Not sharing is really important. It’s how people get along. Children who share make it bad for everybody. Sharing is selfish, because when you insist on sharing, you are infringing my liberty. Besides, sharing is unnatural. Everyone knows people are motivated through competition. It says so in the bible. I'm pretty sure it does. Sharing makes people weak. When you share, you are letting children whose mommies and daddies didn't work hard for their toys have something they don’t deserve. That's not fair, is it?

I know it’s hard to not share, but you’re going to have to get used to it if you want to play with the other children.

When you can say “mine” and mean it, you can go back to play. Until then, I’m going to hold my breath. When I turn blue, you’ll know how serious I am.

Yesterday I was talking with a student who is studying how categorization in libraries and in Wikipedia reflects cultural assumptions about gender.

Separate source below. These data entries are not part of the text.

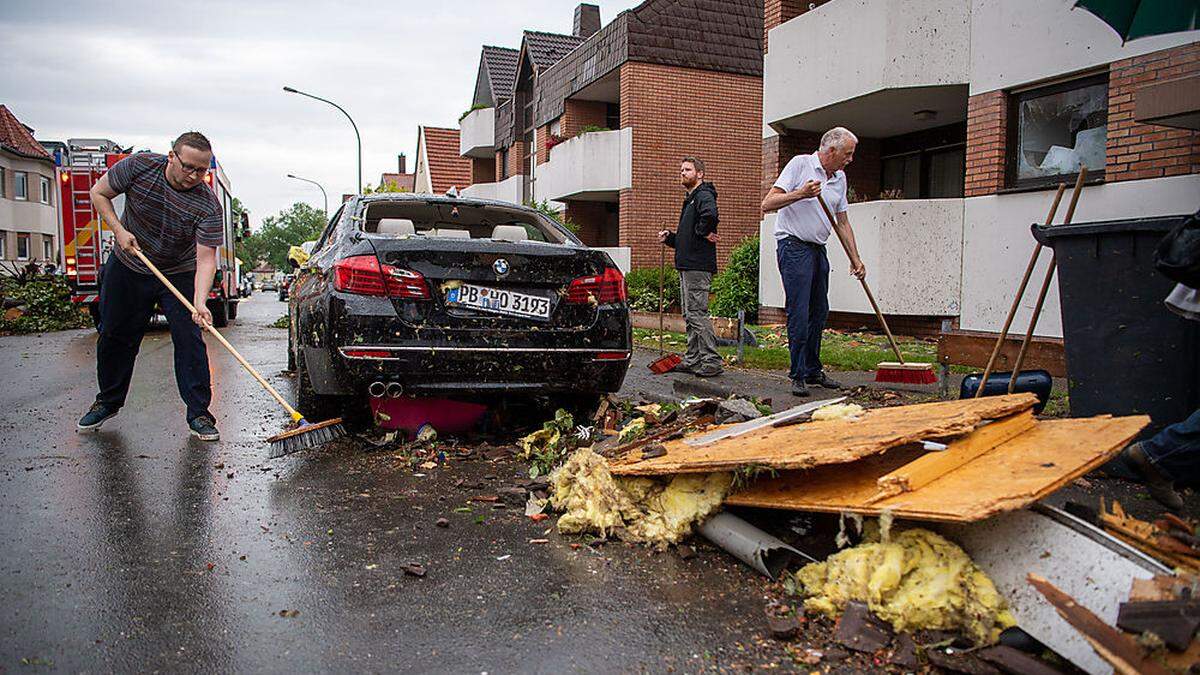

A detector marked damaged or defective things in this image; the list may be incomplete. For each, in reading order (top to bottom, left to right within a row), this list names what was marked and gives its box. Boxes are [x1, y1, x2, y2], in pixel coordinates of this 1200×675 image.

broken window [1012, 75, 1104, 186]
broken wood plank [609, 391, 1032, 475]
broken wood plank [724, 415, 1147, 521]
broken wood plank [868, 408, 1036, 502]
broken wood plank [1032, 571, 1171, 672]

I showed her authorities.loc.gov, where she could search subject headings, and had to catch myself. “If the shutdown happens, this site will go down.”

The nursing students who are studying community health can't use American Factfinder, either. That’s down, too.

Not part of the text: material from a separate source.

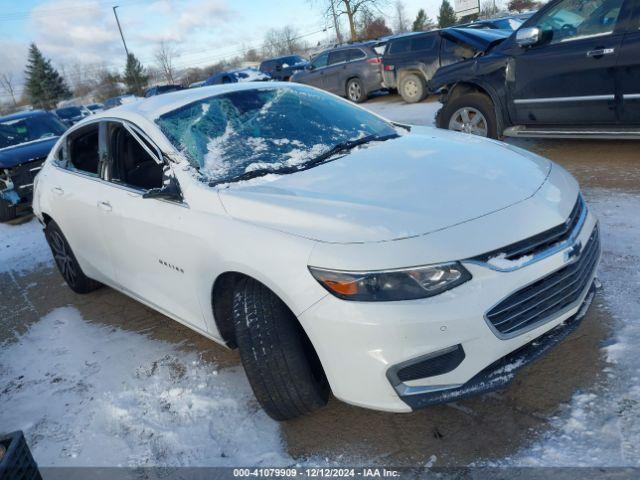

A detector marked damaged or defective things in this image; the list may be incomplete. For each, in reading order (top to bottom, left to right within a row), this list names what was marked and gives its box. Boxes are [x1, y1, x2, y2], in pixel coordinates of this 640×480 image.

damaged vehicle [380, 27, 510, 103]
damaged vehicle [430, 0, 640, 139]
damaged vehicle [0, 110, 66, 221]
damaged vehicle [31, 83, 600, 420]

Google has one of its clever doodles up today, this one celebrating the 123rd anniversary of the opening of Yosemite National Park. But today, the park is closed, like every other national park and museum.

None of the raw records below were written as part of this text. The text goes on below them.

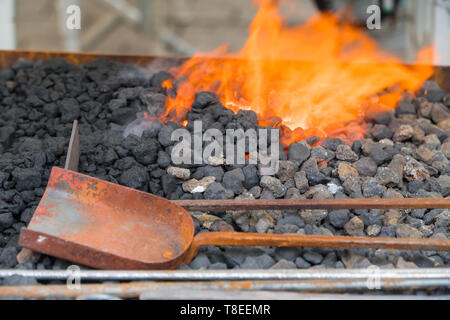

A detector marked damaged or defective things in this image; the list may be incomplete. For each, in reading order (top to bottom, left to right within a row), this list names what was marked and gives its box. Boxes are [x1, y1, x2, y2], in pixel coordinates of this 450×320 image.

rusty metal surface [18, 168, 193, 270]
rusty metal shovel [19, 122, 450, 270]
rusty metal surface [0, 278, 448, 300]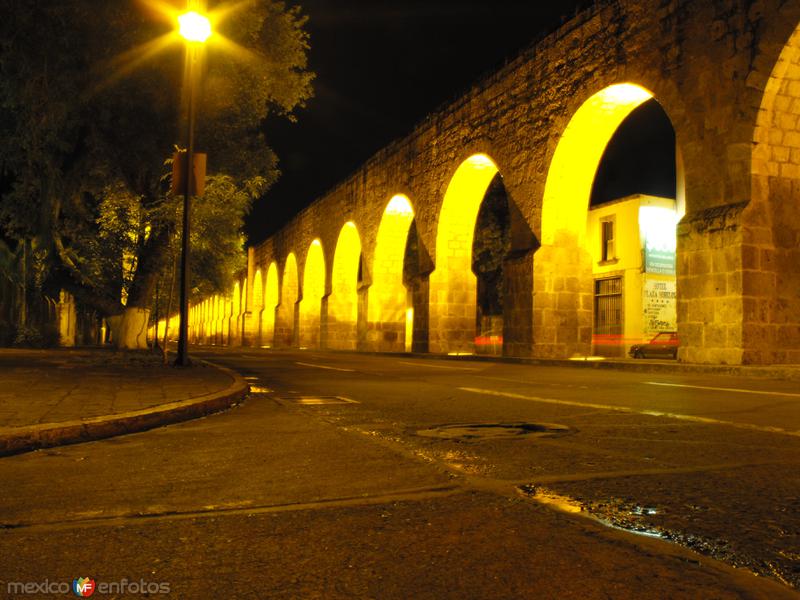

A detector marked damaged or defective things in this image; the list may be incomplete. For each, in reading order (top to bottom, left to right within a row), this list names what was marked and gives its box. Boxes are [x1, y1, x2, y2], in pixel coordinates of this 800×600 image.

pothole [416, 422, 572, 440]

This is what happens when people who do not believe in government are elected to government. They refuse to lose when a law they opposed is passed. They don’t value government services because governments pass laws and laws infringe on their freedom. They took an oath to defend the constitution and discharge the duties of their office, but they don’t believe in the system for which the constitution is a blueprint and so refuse to carry out their duties. On principle.

Their salaries will still be paid so they can finish the work that the British failed to complete in 1814 when they attacked and set fire to Washington.

Well, not all of Washington. Just public buildings, including Congress and its library.  

There are few institutions that are open to all and beloved by Americans regardless of their political views. Libraries and parks are among them. But the very idea of sharing, of having goods in common, is contrary to a worldview that believes individual freedom trumps everything else and caring for those who cannot care for themselves is a betrayal of the natural order of things.

So as of today, we no longer have access to public information and public land, which are officially non-essential.

That'll teach us.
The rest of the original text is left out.